İnanın bu sineğe sıcaklık duydum, can taşıdığı belli, ömrü ne kadar araştırmadım, bilemem ama sevimli, temizlik düşkünü bir can.
Şimdi ekrandan havalandı, yandaki mesai arkadaşımın masasına doğru uçtu. Ve orada bir karışıklık, gazeteler bükülmüş, çat pat sesler havada uçuşuyor.
Bu sinek de nereden çıktı, sözleri ortalıkta çınlıyor.
Ve ben bu savaşın galibini merakla bekliyorum.
Ses yok, sinek yok... Sessizlik bir müddet. Ve ekranıma bakıyorum, muzaffer bir asker gibi yine aynı yerde.
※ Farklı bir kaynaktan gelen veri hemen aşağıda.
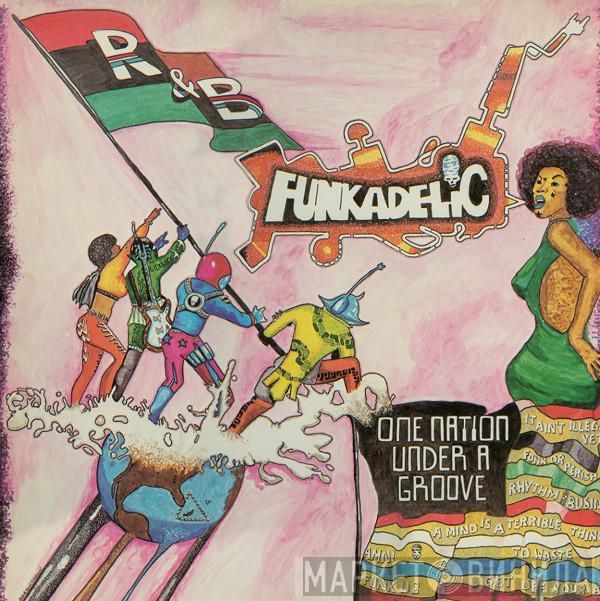  Funkadelic  - One Nation Under A Groove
Savaş kalıntılarını temizlemekle meşgul.
Ben artık bir sinek dostuyum. Zafer bizim, Oley! Yarın yine aynı yerde buluşmak üzere ekranı kapatıyorum.
Ertesi sabah sinek yine ekranıma geldi. Ürkek kırgındı. Bana dikkatlice baktı, “Sizin insan hakları koruyucunuz ve avukatlarınız var. Ben de sizin avukatınızı şikayetle, hayvan haklarının korunması için gerekli yerlere müracaatta bulunacağım” dedi.
“Ama bak, yiyip içip ekranımı kirletiyorsun, her taraf leke” dedim. Umursamaz bir edayla kanatlarını şöyle bir gerdi, uçar gibi yaptı.
Ekran üzerinde çalımlı bir yürüyüş ve bana baktı “Siz yıllarca benim ecdadımı zehirli ilaçlarla bombalayıp yok ettiniz. Ben senin ekranını kirletmişim çok mu” dedi.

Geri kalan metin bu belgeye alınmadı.